Changing Perceptions of Countermeasures to COVID-19
Are people still worried about getting COVID-19? How long will we need to continue social distancing? Will people accept a COVID-19 vaccine when one becomes available? One researcher at the University of Michigan is answering these questions by identifying perceptions of countermeasures to COVID-19 and how they are changing over time.
In this episode of Michigan Minds, Abram Wagner, research assistant professor of epidemiology at the School of Public Health, discusses his ongoing research examining how changes in the epidemiology of COVID-19 affects behaviors.
Wagner was already researching changes in perceptions to vaccines over time when the coronavirus became a global pandemic, so he adjusted his research to see how communities were responding.

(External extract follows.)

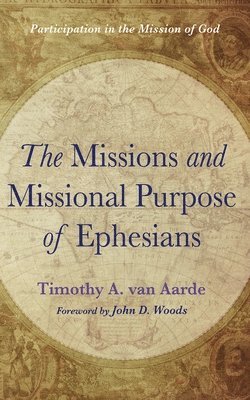 bokomslag Missions and Missional Purpose of Ephesians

“When the coronavirus outbreak hit, I shifted the focus to not just look at vaccines in general, but looking at a potential COVID-19 vaccine,” says Wagner.
In early March, he began conducting research on what people think about COVID-19—their perceptions about becoming infected, their acceptance of a COVID-19 vaccine, and whether or not they were socially distancing. The surveys are currently being conducted in the United States and China, but Wagner hopes to extend it to other countries soon as well.
Wagner says his research shows that most people have a “relatively positive view of the countermeasures,” are generally trying to remain socially distant, and are accepting of a vaccine when one becomes available. He adds that it is likely, however, that those perceptions will start to change in coming months.
“We are doing repeated surveys over time and our hypothesis is that people become more fatigued about countermeasures—staying at home, being socially distant—and they might even become more hesitant in the future to get a vaccine,” Wagner says.